____ THE RECORDS

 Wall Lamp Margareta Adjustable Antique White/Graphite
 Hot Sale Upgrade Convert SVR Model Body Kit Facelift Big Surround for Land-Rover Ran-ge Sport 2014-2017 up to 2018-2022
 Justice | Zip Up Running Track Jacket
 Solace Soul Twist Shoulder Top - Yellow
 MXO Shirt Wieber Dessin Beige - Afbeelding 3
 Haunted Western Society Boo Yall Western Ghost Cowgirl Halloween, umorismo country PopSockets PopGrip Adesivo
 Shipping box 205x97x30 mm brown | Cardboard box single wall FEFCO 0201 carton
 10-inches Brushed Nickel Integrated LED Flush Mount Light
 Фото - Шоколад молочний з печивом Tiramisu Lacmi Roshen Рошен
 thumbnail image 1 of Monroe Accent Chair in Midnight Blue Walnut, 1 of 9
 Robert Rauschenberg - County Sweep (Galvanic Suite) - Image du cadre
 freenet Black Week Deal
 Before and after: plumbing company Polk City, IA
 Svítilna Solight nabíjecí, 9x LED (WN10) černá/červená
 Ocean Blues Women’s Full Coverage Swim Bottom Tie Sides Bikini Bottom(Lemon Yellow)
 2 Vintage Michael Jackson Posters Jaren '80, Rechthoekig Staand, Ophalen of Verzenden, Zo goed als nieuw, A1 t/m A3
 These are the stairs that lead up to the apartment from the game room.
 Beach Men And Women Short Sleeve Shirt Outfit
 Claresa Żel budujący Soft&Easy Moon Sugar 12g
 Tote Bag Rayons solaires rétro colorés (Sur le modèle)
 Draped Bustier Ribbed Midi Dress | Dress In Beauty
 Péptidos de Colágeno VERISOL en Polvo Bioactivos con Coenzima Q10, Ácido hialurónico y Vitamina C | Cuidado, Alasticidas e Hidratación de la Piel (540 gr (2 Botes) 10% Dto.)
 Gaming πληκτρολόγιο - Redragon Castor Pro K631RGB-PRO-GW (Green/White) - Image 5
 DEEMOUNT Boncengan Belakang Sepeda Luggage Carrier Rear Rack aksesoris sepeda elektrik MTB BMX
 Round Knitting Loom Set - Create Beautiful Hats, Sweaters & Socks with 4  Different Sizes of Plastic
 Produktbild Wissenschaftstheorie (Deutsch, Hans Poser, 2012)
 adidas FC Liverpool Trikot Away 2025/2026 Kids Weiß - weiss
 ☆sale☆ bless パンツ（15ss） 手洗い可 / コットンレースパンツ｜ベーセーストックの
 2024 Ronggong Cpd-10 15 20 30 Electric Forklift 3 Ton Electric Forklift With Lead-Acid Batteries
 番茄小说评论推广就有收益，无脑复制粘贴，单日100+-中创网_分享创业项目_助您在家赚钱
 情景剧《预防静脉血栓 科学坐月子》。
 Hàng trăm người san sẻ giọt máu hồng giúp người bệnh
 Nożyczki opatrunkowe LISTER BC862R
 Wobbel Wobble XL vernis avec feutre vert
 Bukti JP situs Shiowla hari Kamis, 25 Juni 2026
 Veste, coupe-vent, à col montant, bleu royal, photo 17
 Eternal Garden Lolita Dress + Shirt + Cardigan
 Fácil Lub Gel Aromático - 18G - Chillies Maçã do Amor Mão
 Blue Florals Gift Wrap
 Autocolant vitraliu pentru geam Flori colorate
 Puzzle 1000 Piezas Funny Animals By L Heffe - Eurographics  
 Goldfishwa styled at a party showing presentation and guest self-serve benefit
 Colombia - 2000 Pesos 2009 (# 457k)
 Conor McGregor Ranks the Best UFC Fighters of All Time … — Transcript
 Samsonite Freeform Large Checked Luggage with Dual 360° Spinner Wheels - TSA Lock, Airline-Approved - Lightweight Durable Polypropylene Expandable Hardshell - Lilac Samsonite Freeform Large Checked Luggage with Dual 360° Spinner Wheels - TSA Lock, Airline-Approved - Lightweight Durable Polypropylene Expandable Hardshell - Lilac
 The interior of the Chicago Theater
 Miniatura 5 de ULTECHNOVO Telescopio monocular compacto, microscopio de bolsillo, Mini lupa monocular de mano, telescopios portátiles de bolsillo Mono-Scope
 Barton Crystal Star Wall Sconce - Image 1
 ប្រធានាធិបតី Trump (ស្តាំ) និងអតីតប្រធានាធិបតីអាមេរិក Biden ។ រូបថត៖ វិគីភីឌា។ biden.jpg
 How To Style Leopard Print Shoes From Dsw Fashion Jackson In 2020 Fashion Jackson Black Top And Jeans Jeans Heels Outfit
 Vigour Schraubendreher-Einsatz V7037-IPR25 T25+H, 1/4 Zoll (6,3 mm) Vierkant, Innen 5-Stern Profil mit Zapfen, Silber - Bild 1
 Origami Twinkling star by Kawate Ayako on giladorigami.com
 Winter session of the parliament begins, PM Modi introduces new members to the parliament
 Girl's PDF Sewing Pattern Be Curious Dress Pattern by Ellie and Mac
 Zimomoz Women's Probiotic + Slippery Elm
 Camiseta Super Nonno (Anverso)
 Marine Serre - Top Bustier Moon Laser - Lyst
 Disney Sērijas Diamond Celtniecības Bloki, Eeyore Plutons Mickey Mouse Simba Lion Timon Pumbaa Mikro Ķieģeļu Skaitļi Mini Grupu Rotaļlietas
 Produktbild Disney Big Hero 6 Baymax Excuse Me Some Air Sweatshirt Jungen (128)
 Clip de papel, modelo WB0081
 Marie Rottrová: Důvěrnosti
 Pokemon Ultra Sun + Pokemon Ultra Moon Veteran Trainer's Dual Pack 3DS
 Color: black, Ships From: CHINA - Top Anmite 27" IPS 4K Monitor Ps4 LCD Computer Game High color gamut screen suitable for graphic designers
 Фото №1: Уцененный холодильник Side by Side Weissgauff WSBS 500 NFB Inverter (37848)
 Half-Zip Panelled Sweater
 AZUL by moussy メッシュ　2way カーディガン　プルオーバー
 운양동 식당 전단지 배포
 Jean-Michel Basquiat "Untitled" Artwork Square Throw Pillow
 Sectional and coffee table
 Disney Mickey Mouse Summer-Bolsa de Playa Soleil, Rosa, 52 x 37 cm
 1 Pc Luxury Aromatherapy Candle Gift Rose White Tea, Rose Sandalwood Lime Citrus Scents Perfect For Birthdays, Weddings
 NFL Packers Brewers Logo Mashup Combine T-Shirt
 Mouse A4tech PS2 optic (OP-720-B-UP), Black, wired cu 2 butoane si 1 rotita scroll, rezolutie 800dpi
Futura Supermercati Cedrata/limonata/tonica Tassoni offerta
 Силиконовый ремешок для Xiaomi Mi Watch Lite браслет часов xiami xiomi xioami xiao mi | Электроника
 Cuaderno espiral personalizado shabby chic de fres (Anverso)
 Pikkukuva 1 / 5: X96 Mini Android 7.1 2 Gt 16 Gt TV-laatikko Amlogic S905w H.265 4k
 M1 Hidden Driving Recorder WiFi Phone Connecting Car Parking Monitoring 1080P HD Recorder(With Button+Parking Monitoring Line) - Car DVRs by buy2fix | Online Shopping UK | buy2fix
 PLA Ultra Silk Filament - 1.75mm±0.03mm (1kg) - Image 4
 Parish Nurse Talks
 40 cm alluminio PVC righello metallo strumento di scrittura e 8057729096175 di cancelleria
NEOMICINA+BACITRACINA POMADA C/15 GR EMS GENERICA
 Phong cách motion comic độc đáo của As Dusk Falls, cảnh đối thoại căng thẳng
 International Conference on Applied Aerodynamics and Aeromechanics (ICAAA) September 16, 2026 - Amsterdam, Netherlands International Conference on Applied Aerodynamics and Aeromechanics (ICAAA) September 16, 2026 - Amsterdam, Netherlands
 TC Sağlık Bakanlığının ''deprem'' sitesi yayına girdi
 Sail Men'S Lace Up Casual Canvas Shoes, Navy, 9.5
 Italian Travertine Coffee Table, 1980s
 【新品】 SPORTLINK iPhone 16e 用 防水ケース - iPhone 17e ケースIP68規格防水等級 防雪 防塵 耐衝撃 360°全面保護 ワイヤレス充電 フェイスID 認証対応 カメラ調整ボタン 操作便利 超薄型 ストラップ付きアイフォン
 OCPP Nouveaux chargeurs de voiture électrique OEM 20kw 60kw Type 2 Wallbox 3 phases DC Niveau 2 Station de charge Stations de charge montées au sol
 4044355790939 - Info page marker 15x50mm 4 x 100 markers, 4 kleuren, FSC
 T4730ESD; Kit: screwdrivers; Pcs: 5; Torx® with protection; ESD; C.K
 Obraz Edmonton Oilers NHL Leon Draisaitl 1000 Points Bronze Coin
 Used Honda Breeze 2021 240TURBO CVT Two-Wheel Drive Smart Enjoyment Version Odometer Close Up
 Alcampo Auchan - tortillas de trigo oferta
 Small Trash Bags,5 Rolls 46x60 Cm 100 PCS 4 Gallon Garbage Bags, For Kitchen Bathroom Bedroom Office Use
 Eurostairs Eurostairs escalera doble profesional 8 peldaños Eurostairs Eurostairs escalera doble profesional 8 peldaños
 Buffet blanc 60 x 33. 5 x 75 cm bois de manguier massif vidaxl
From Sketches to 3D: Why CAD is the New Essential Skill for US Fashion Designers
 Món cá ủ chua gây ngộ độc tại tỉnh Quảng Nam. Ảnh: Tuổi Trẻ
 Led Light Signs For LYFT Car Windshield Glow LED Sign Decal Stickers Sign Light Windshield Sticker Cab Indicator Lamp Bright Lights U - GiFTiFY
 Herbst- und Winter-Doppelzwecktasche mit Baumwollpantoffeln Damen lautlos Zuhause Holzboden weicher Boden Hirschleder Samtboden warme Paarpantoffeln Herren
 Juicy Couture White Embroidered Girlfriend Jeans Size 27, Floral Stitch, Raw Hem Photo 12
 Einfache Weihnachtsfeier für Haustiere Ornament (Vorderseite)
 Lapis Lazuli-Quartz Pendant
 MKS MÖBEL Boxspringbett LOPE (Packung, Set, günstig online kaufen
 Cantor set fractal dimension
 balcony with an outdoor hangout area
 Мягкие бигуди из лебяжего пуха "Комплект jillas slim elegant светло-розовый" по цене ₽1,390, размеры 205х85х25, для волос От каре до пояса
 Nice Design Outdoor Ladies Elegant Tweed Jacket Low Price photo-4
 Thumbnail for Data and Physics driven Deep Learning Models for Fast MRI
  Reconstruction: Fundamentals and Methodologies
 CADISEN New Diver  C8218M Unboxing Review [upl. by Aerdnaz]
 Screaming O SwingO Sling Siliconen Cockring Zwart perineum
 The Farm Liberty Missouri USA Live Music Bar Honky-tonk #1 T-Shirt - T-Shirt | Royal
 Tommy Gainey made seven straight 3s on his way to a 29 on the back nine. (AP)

________

For the string "Фото", return every line of the data where it appears.

ANSWER BELOW:
 Фото - Шоколад молочний з печивом Tiramisu Lacmi Roshen Рошен
 Фото №1: Уцененный холодильник Side by Side Weissgauff WSBS 500 NFB Inverter (37848)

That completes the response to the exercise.